The committee, investigating the Commission, reported in the summer of 1852. It recommended several reforms including changing the membership of the commission to reduce conflicts of interest, improving accounting practices in the collection of fees, and providing cleaner facilities for the Labor Exchange. In general, though, it praised the Commission and its employees for doing the best that could be done under the circumstances. 72 After 1852, the successive waves of immigrants finally began to diminish as Ireland slowly recovered from the famine. By 1853, the Commission was exerting more effective control over the immigration problem. Gregory Dillon, while continuing to be a member of the Commission, focused more of his attention on his new position as president of the recently established Irish Emigrant Industrial Bank. Sadly, Dillon did not live to see the implementation of his ultimate goal, the establishment of an enclosed Emigrant Reception Center that would prevent runners from coming in contact with the immigrants. On March 3, 1854 Gregory Dillon passed away, and the Irish community mourned his passing. 73 For James Irwin it meant the loss not only of a good friend but also of his strongest advocate.
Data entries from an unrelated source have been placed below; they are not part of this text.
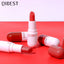 QIBEST Mini Cápsula Labial Mate de Terciopelo - Larga Duración y Resistente al Agua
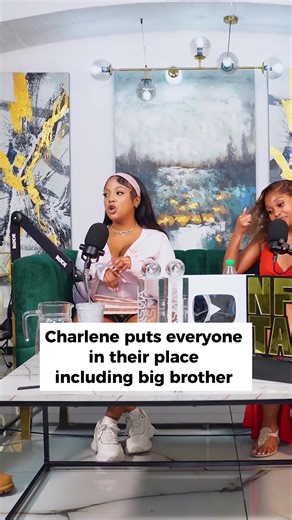 Charlene Challenges Big Brother in Open Chats Podcast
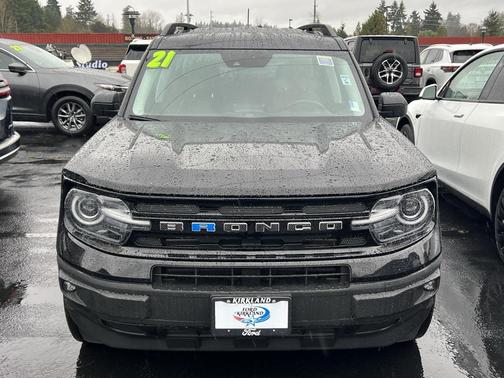 2021 Ford Bronco Sport Outer Banks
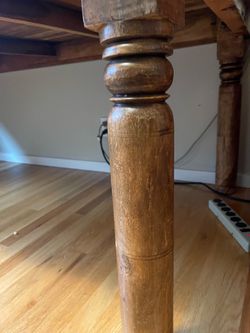 Teak Dining Room Table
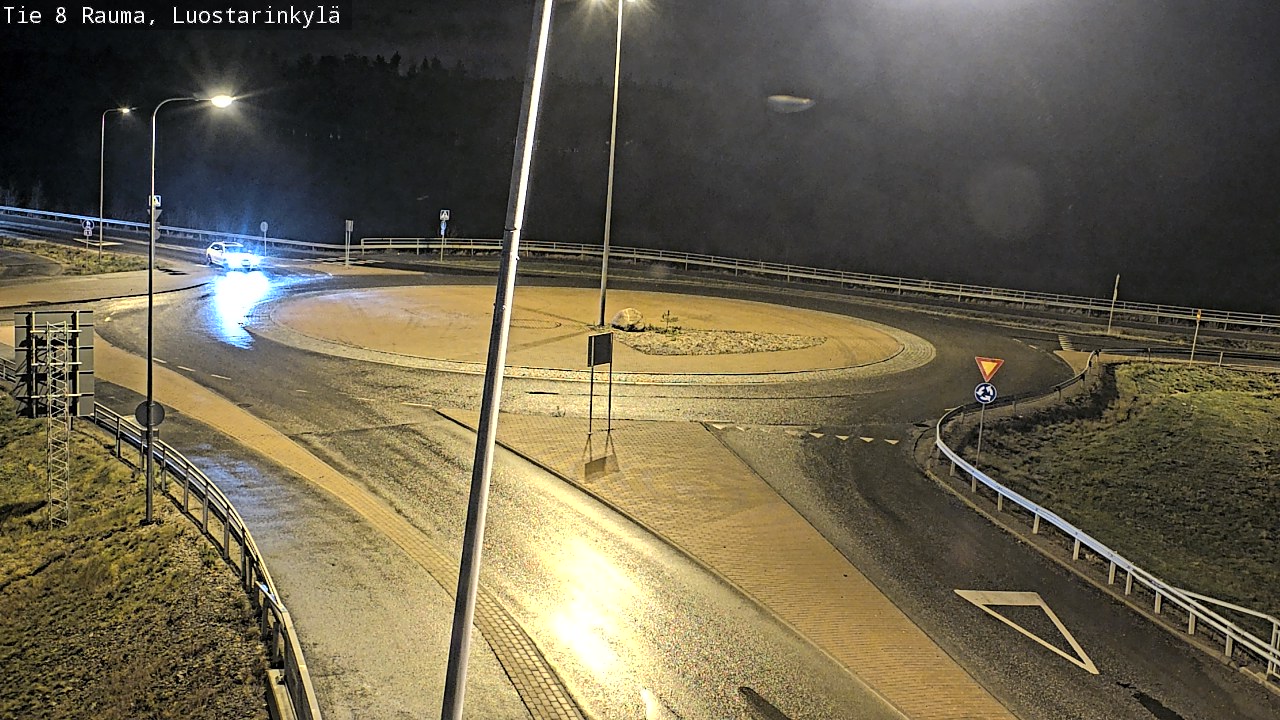 Weather Camera Image Road 8 Rauma, Luostarinkylä, Rauma, Satakunta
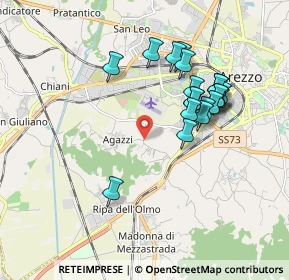 Mappa Loc, 52100 Arezzo AR, Italia (1.7775)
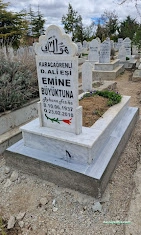 Met - Kan Mermer Granit Mezar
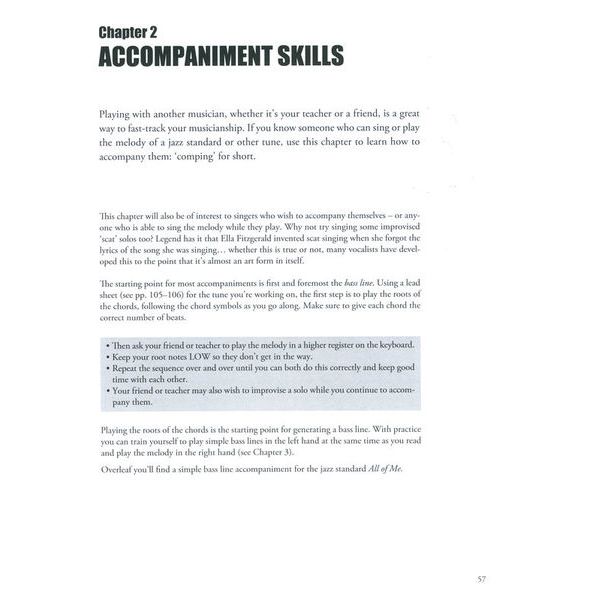 Schott Beginning Jazz Piano 2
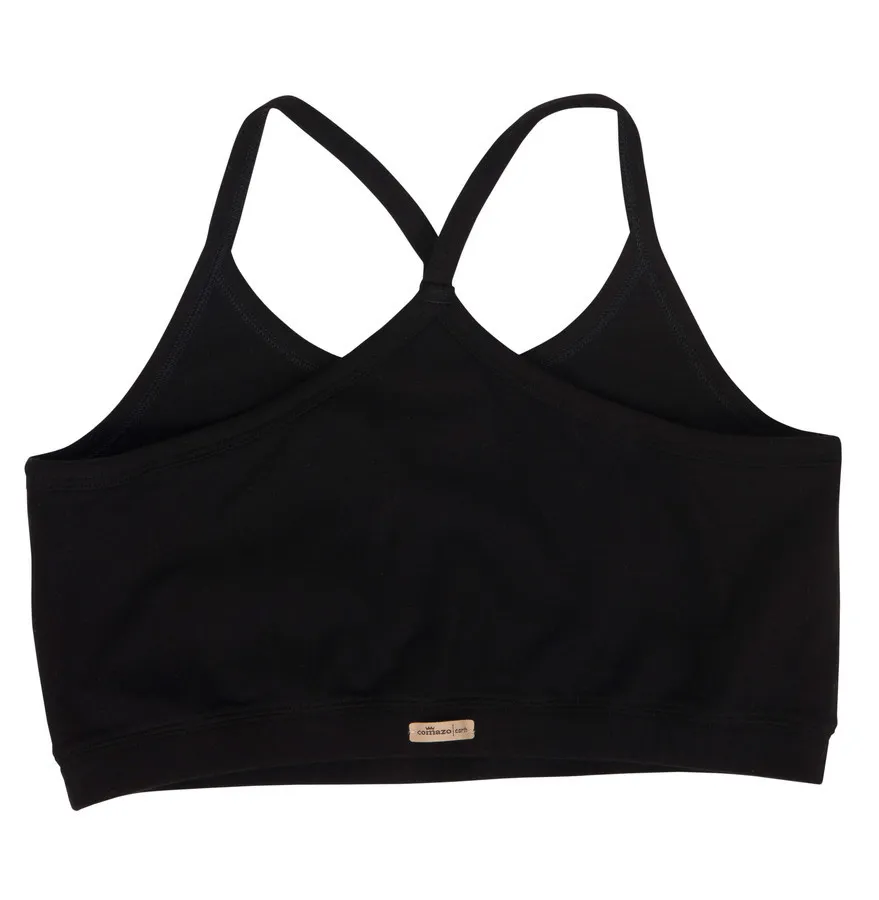 Organic Cotton Yoga Bra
When the Emigration Reception Center was opened at Castle Clinton in 1855, a major blow was dealt to the runners and those who had hired them. Now that an eight-foot fence protected the newly arrived immigrants, the need for the services of an emigrant agent such as Irwin diminished considerably. By then, James Irwin was a citizen of the United States, having taken advantage of the naturalization law which granted citizenship after a five year residency. 74 Although he continued to be listed as an "agent" in the New York City directories through 1858, he only worked part time. In the United States Census of 1850, Irwin listed his occupation as "carpenter." Like many Irish immigrants of this period, Irwin paid a physical price for the years spent working at the flashpoint of the great migration. The historian Kerby Miller quoted one Irish-American's assessment of the prospects of long-term survival for an Irish immigrant during the famine migration: "A man who labors 10 or 12 years in America...becomes old before his time and dies unheeded." 75 On July 3, 1858, at the age of fifty-four, James Irwin passed away. A month later the residents of Staten Island burned to the ground one of the last vestiges of the original immigrant business, the Quarantine Station. A new era in the history of immigration was about to begin.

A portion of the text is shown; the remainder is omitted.